## Work instructions:
The reader should set down exactly the lines from the one containing "Korus Essential Lip" through the last line of the material, omitting every picture.

--- Excerpted records Enclosed Below ---

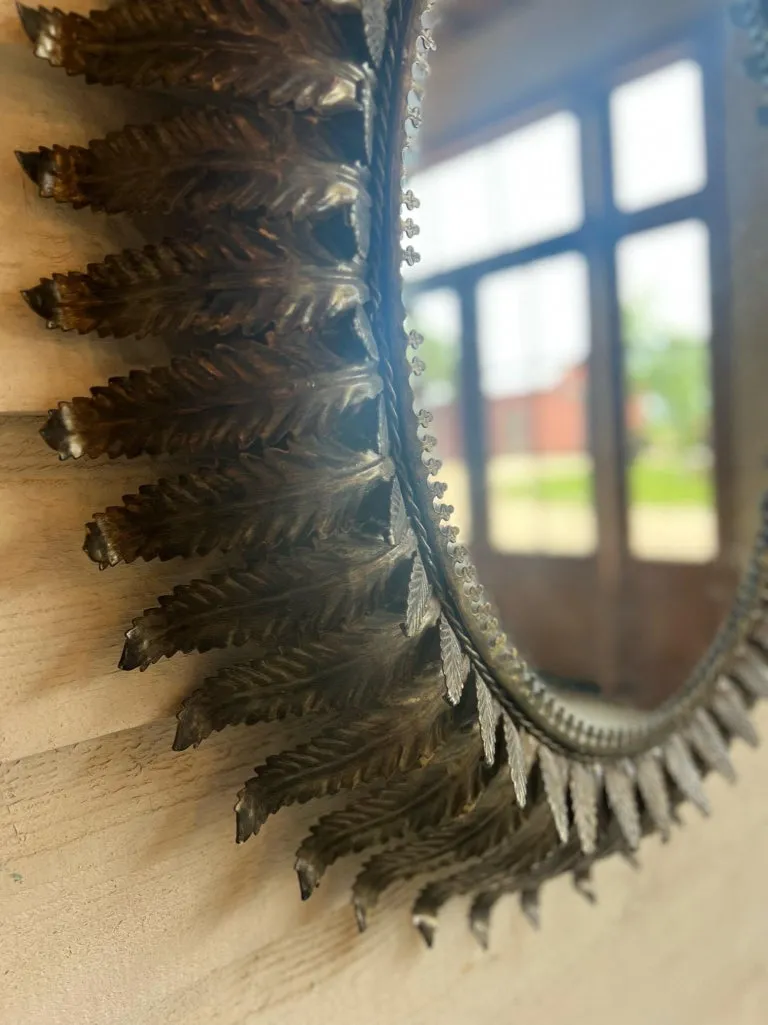 Vintage Spanish Mirror with Metal Leaf Detail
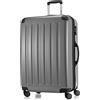 Hauptstadtkoffer ALEX Trolley Rigido Espandibile 75 cm (119 L) con Lucchetto a Combinazione, Valigia da Viaggio Robusta con 4 Ruote Doppie, Argento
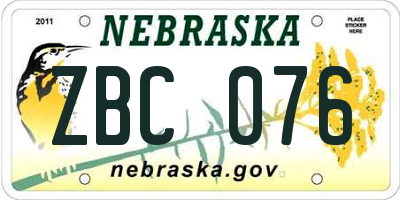 NE license plate ZBC076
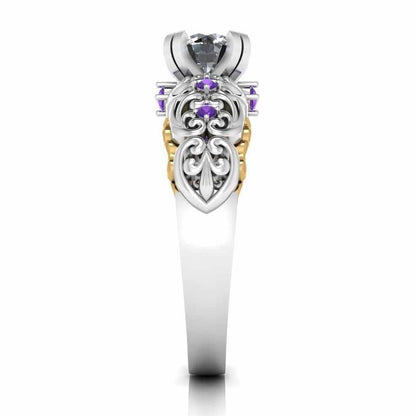 Art Deco Two Tone Solitaire Sterling Silver Ring - JBR Jeweler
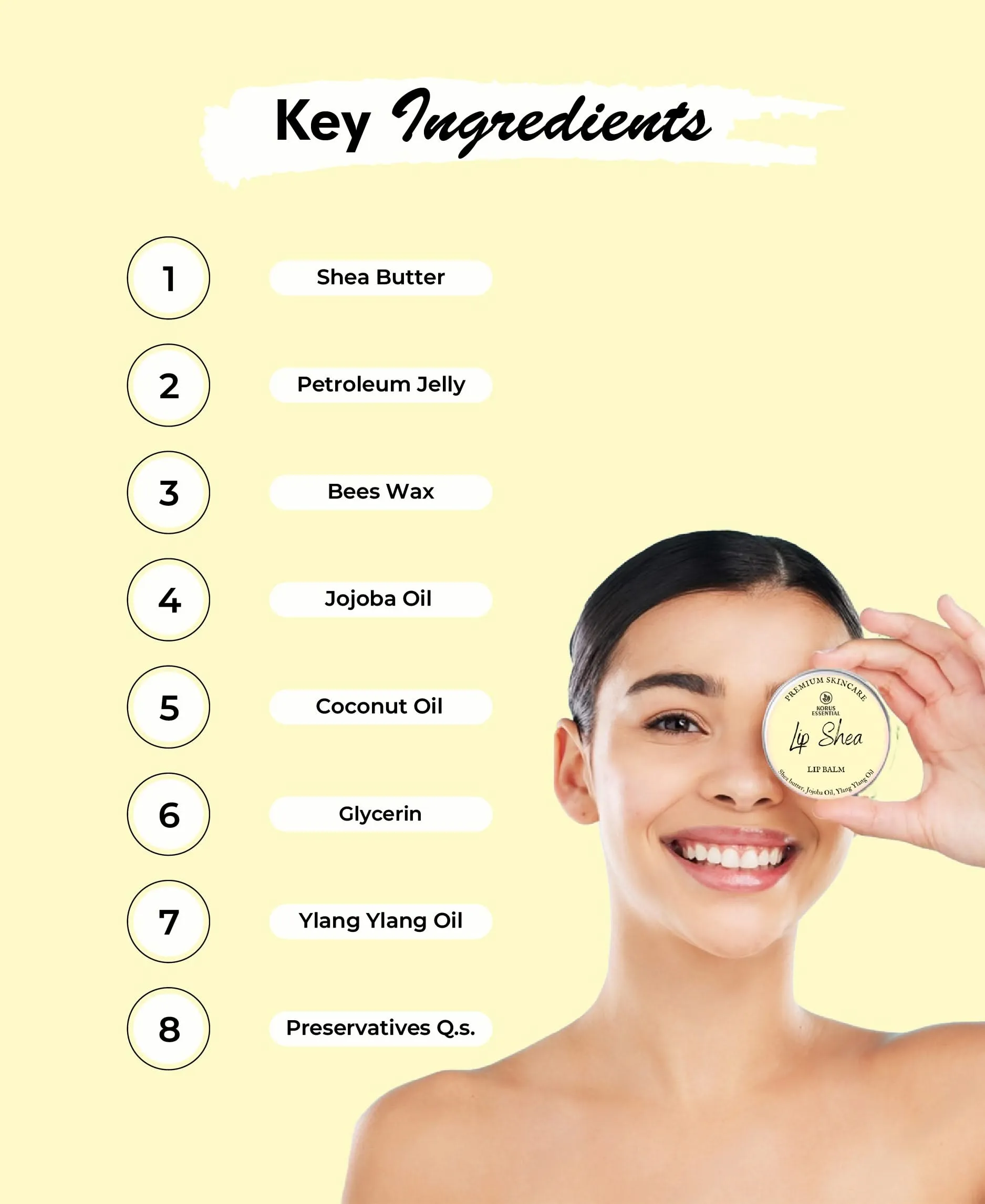 Korus Essential Lip Shea with goodness of Jojoba Oil Lip Balm - 8 grams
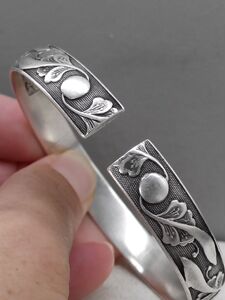 "西安"永利"足纹"黑白分明民国老银手镯子美不胜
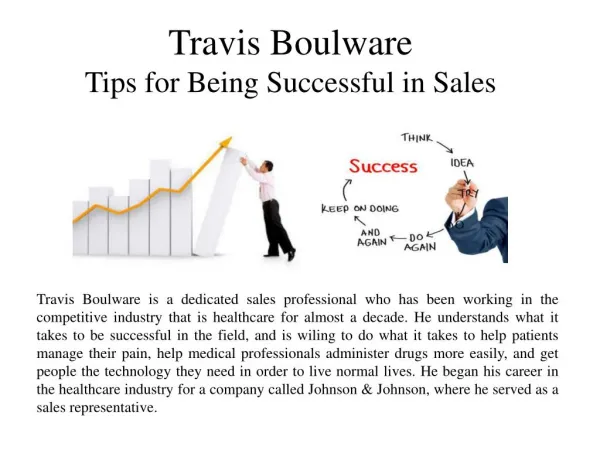 Travis Boulware Tips for Being Successful in Sales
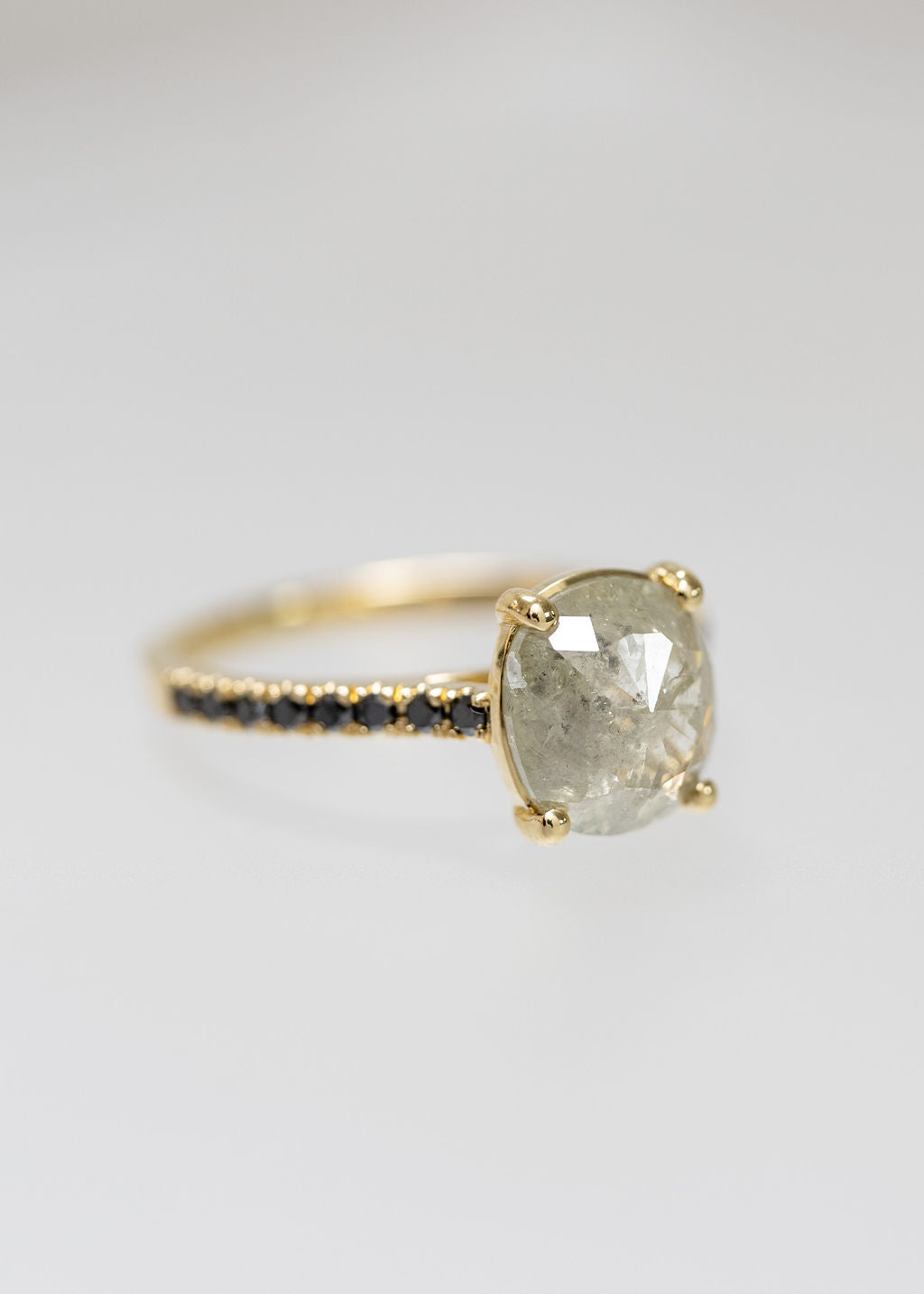 The Jett | 2.00ct Cushion Salt & Pepper | Yellow Gold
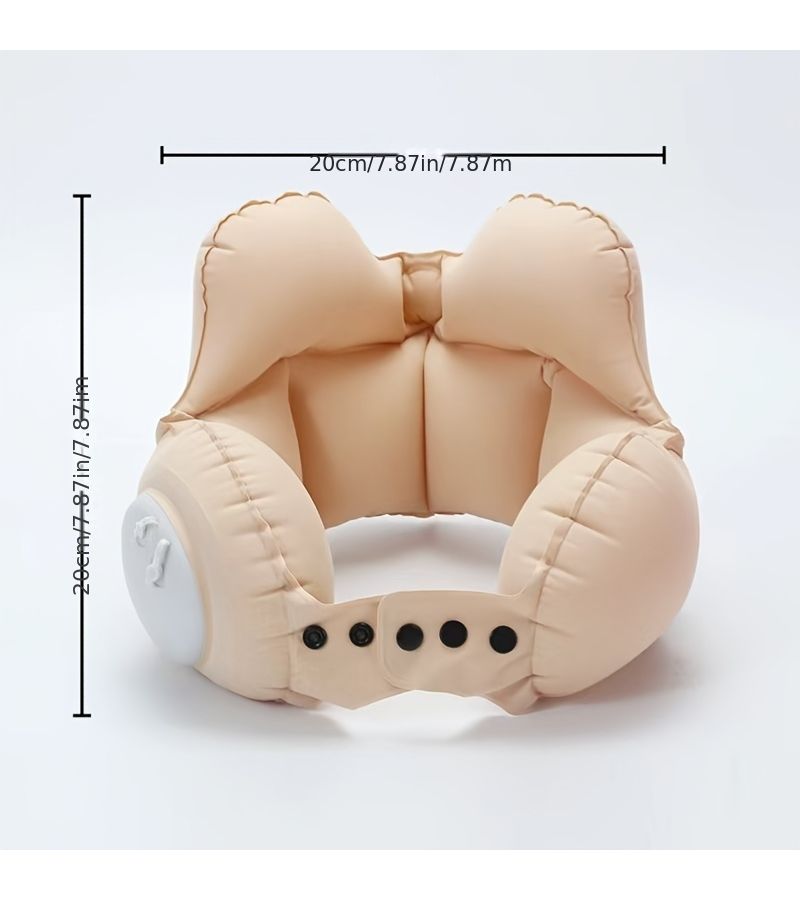 1pc Press Type Inflatable Neck Pillow Apricot Portable Travel Airplane Pillow For Napping - Image 4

--- End of Enclosed Excerpted records ---

## Task answer:
 Korus Essential Lip Shea with goodness of Jojoba Oil Lip Balm - 8 grams
 "西安"永利"足纹"黑白分明民国老银手镯子美不胜
 Travis Boulware Tips for Being Successful in Sales
 The Jett | 2.00ct Cushion Salt & Pepper | Yellow Gold
 1pc Press Type Inflatable Neck Pillow Apricot Portable Travel Airplane Pillow For Napping - Image 4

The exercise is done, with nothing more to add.